The RecordStore MUST provide push_fields() (or equivalent) that accepts pre-parsed record fields:
- pos, end_pos, flags, mapq, seq_len, matching_bases, indel_bases (fixed fields)
- qname bytes
- CIGAR as packed BAM-format u32 ops (SAM/CRAM parsers convert to this representation)
- sequence as
&[Base](already the enum type stored in the bases slab — no conversion needed) - quality bytes
- aux tag bytes in BAM binary format (SAM/CRAM parsers serialize tags to this format)
This avoids a wasteful round-trip through BAM binary encoding.
push_fields() and push_raw() MUST produce identical SlimRecord fixed fields and identical name/bases/cigar/qual slab contents for the same logical record. Aux tag slab contents MAY differ in integer type codes (a SAM-derived i:42 may serialize as c while the original BAM used C), since the original BAM writer's type choice is not recoverable from SAM text. Tests MUST verify fixed-field and non-aux-slab equivalence by pushing the same record both ways.
Shared header type
SAM headers are text (the @HD, @SQ, @RG, @PG, @CO lines).
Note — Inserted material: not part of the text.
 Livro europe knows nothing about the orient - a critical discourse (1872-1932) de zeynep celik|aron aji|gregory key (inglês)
CRAM containers embed SAM header text. BamHeader already stores header_text: String and parses @SQ lines for targets.
BamHeader MUST gain a from_sam_text(text: &str) constructor that parses SAM header text directly, without requiring BGZF/BAM framing. This is used by both the SAM reader (header lines at start of file) and the CRAM reader (SAM header block in file header container).
Sort order validation
Indexed random access assumes coordinate-sorted data. If the @HD header line contains SO:unsorted or SO:queryname, the reader MUST return an error explaining that indexed region queries require coordinate-sorted input. SO:coordinate or absent SO (common in older files) MUST be accepted.
Fork semantics per format
BAM fork: shares Arc<BamShared> (index + header), opens fresh File handle.
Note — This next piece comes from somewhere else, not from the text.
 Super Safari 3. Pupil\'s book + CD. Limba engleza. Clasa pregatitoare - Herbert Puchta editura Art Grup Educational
SAM fork: shares Arc holding parsed tabix/CSI index + header, opens fresh File handle for BGZF reading.
CRAM fork: shares Arc holding CRAI index + header, opens fresh File handle for container reading. Each fork MUST have its own FASTA reader (via fasta_reader.fork()) for thread-safe reference lookups. Reference caching (r[cram.perf.reference_caching]) MUST be per-fork, not shared.
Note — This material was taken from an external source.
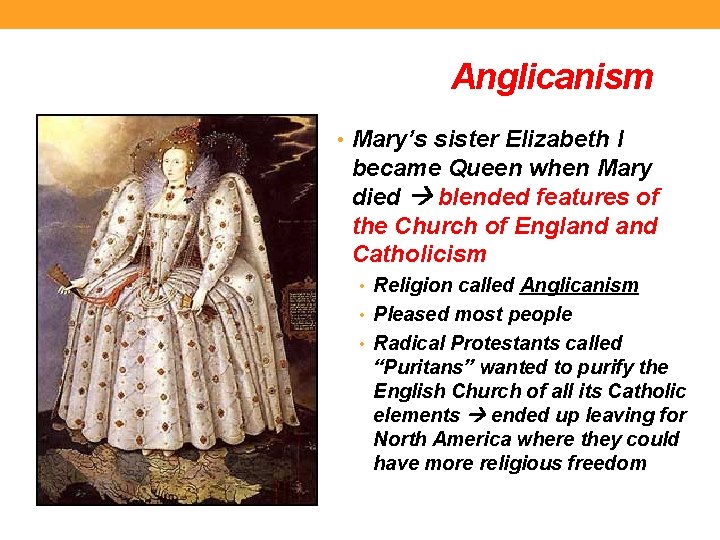 Anglicanism • Mary’s sister Elizabeth I became Queen when Mary died blended features of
Readers: alignment + reference bundle
The Readers struct bundles an IndexedReader (alignment) with an IndexedFastaReader (reference) in a single type. This eliminates the need for separate FASTA path passing — CRAM can access the reference it needs for sequence reconstruction, and all formats have uniform open/fork semantics.
Readers::open(alignment_path, fasta_path) MUST auto-detect the alignment format (via r[unified.detect_format]), open the appropriate reader, and open the FASTA reader. For CRAM, the fasta_path is passed to IndexedCramReader::open() for sequence reconstruction. For BAM/SAM, the FASTA reader is opened but not used by the alignment reader.
Readers::fork() MUST fork both the alignment reader and the FASTA reader, returning a new Readers with independent I/O handles but shared immutable state (indices, headers). The CRAM fork gets its own FASTA reader via IndexedFastaReader::fork().
Readers MUST expose:
header() -> &BamHeader— delegates to the alignment reader's header.fetch_into(tid, start, end, store) -> Result<usize>— delegates to the alignment reader.fasta() -> &IndexedFastaReaderandfasta_mut() -> &mut IndexedFastaReader— direct access for callers that need reference sequences independently of the alignment reader (e.g., the call pipeline's segment fetching).alignment() -> &IndexedReaderandalignment_mut() -> &mut IndexedReader— direct access when needed.
IndexedReader::open(path) MUST continue to work for BAM and SAM files without a FASTA path. CRAM detection in IndexedReader::open() MUST return an error explaining that CRAM requires a reference and suggesting Readers::open() instead. This preserves backward compatibility for code that only needs BAM/SAM.
API surface
See r[io.non_exhaustive_enums] and r[io.minimal_public_api] in general.md for the general rules. For this module, IndexedReader, FormatDetectionError, and ReaderError are the primary enums subject to r[io.non_exhaustive_enums].